(What to do) Write out the whole listing exactly as it stands.

(Material provided)

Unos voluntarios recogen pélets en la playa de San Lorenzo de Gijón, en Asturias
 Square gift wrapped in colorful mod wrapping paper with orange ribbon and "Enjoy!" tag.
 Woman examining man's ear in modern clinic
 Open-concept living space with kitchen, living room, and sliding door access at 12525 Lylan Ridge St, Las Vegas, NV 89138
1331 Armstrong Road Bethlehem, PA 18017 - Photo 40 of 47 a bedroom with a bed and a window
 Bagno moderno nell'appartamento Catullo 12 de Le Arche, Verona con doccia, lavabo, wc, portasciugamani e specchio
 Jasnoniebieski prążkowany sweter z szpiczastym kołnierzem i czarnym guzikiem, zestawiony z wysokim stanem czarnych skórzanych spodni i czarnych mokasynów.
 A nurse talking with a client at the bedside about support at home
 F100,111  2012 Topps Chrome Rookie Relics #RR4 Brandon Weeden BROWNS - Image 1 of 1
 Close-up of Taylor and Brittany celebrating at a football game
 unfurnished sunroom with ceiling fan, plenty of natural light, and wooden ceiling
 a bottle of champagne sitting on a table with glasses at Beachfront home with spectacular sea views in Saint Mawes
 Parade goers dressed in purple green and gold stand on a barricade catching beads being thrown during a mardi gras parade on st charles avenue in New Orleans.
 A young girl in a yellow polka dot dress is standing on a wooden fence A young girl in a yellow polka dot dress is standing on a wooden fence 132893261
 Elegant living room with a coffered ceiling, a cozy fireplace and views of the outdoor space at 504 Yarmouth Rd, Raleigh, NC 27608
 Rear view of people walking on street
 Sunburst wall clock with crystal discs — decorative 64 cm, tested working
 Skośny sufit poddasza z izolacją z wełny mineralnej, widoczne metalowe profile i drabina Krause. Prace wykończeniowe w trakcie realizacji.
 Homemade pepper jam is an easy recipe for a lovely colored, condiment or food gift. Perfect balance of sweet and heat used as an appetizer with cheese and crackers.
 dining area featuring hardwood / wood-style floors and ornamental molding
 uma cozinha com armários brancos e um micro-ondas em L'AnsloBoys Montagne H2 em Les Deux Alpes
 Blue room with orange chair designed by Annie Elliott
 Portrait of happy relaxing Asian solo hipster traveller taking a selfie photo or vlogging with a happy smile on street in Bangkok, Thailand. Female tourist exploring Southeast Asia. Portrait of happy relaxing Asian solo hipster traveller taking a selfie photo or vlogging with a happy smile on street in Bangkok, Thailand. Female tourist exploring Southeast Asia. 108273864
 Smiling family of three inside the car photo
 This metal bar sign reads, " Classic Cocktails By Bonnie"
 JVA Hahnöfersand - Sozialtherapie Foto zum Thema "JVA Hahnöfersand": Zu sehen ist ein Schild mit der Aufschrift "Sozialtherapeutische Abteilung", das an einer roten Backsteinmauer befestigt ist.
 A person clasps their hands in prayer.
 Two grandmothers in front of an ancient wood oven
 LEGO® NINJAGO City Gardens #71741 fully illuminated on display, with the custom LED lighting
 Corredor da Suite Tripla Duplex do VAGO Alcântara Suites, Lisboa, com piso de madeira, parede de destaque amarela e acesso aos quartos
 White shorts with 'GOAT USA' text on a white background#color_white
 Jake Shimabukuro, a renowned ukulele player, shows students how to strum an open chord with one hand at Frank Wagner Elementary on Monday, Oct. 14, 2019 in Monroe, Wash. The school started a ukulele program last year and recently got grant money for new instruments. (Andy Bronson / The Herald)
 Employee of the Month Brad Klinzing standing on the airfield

(Result of the task)
Unos voluntarios recogen pélets en la playa de San Lorenzo de Gijón, en Asturias
 Square gift wrapped in colorful mod wrapping paper with orange ribbon and "Enjoy!" tag.
 Woman examining man's ear in modern clinic
 Open-concept living space with kitchen, living room, and sliding door access at 12525 Lylan Ridge St, Las Vegas, NV 89138
1331 Armstrong Road Bethlehem, PA 18017 - Photo 40 of 47 a bedroom with a bed and a window
 Bagno moderno nell'appartamento Catullo 12 de Le Arche, Verona con doccia, lavabo, wc, portasciugamani e specchio
 Jasnoniebieski prążkowany sweter z szpiczastym kołnierzem i czarnym guzikiem, zestawiony z wysokim stanem czarnych skórzanych spodni i czarnych mokasynów.
 A nurse talking with a client at the bedside about support at home
 F100,111  2012 Topps Chrome Rookie Relics #RR4 Brandon Weeden BROWNS - Image 1 of 1
 Close-up of Taylor and Brittany celebrating at a football game
 unfurnished sunroom with ceiling fan, plenty of natural light, and wooden ceiling
 a bottle of champagne sitting on a table with glasses at Beachfront home with spectacular sea views in Saint Mawes
 Parade goers dressed in purple green and gold stand on a barricade catching beads being thrown during a mardi gras parade on st charles avenue in New Orleans.
 A young girl in a yellow polka dot dress is standing on a wooden fence A young girl in a yellow polka dot dress is standing on a wooden fence 132893261
 Elegant living room with a coffered ceiling, a cozy fireplace and views of the outdoor space at 504 Yarmouth Rd, Raleigh, NC 27608
 Rear view of people walking on street
 Sunburst wall clock with crystal discs — decorative 64 cm, tested working
 Skośny sufit poddasza z izolacją z wełny mineralnej, widoczne metalowe profile i drabina Krause. Prace wykończeniowe w trakcie realizacji.
 Homemade pepper jam is an easy recipe for a lovely colored, condiment or food gift. Perfect balance of sweet and heat used as an appetizer with cheese and crackers.
 dining area featuring hardwood / wood-style floors and ornamental molding
 uma cozinha com armários brancos e um micro-ondas em L'AnsloBoys Montagne H2 em Les Deux Alpes
 Blue room with orange chair designed by Annie Elliott
 Portrait of happy relaxing Asian solo hipster traveller taking a selfie photo or vlogging with a happy smile on street in Bangkok, Thailand. Female tourist exploring Southeast Asia. Portrait of happy relaxing Asian solo hipster traveller taking a selfie photo or vlogging with a happy smile on street in Bangkok, Thailand. Female tourist exploring Southeast Asia. 108273864
 Smiling family of three inside the car photo
 This metal bar sign reads, " Classic Cocktails By Bonnie"
 JVA Hahnöfersand - Sozialtherapie Foto zum Thema "JVA Hahnöfersand": Zu sehen ist ein Schild mit der Aufschrift "Sozialtherapeutische Abteilung", das an einer roten Backsteinmauer befestigt ist.
 A person clasps their hands in prayer.
 Two grandmothers in front of an ancient wood oven
 LEGO® NINJAGO City Gardens #71741 fully illuminated on display, with the custom LED lighting
 Corredor da Suite Tripla Duplex do VAGO Alcântara Suites, Lisboa, com piso de madeira, parede de destaque amarela e acesso aos quartos
 White shorts with 'GOAT USA' text on a white background#color_white
 Jake Shimabukuro, a renowned ukulele player, shows students how to strum an open chord with one hand at Frank Wagner Elementary on Monday, Oct. 14, 2019 in Monroe, Wash. The school started a ukulele program last year and recently got grant money for new instruments. (Andy Bronson / The Herald)
 Employee of the Month Brad Klinzing standing on the airfield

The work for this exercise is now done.